C’est le moins qu’on puisse dire devant les déclarations des ministres, où l’ignoble le dispute au cynisme. À peine arrivé sur les lieux de la catastrophe, Piantedosi, le ministre de l’Intérieur du gouvernement d’extrême droite de Giorgia Meloni, a ainsi expliqué : « Quand on est dans cette situation, il ne faut pas partir » et encore moins « mettre ses enfants en danger ». Et, pour couronner le tout, il a tenu à préciser que, s’il se trouvait dans un tel pays, il ne partirait pas, mû par son « esprit de responsabilité ».
Tandis que son ministre expliquait donc que la solution pour les migrants consiste à mourir à domicile plutôt que sur les plages italiennes, Meloni faisait part d’une « grande douleur » d’autant plus cynique qu’elle continue à assumer sans sourciller la criminalisation des ONG qui portent secours aux réfugiés en mer. Et elle s’est empressée de donner raison au pape qui, tout en dégoulinant de compassion vis-à-vis des victimes, appelle surtout à « arrêter les passeurs ».
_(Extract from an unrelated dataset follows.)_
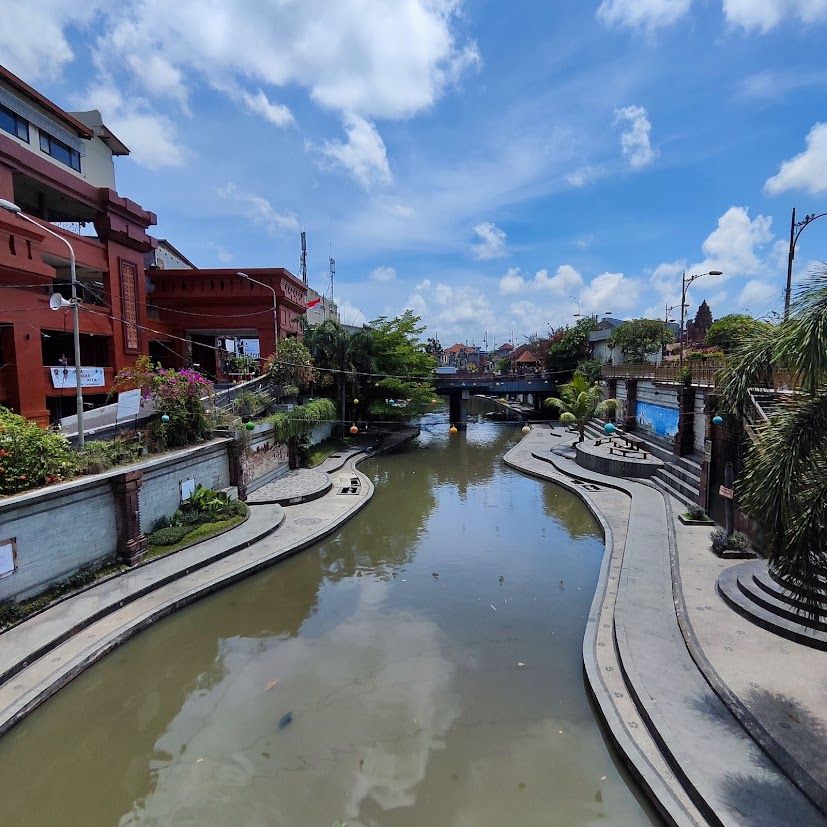 Canal Bali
Samedi 11 mars, des associations appellent à manifester à Crotone, sous la banderole « Vérité et justice pour les victimes du naufrage de Cutro ». C’est bien, comme elles le disent, « l’absence de réaction du gouvernement qui est aussi coupable que la mer déchaînée » et « l’absence de voies légales qui continue de faire le bonheur des passeurs et de transformer la Méditerranée en cimetière ».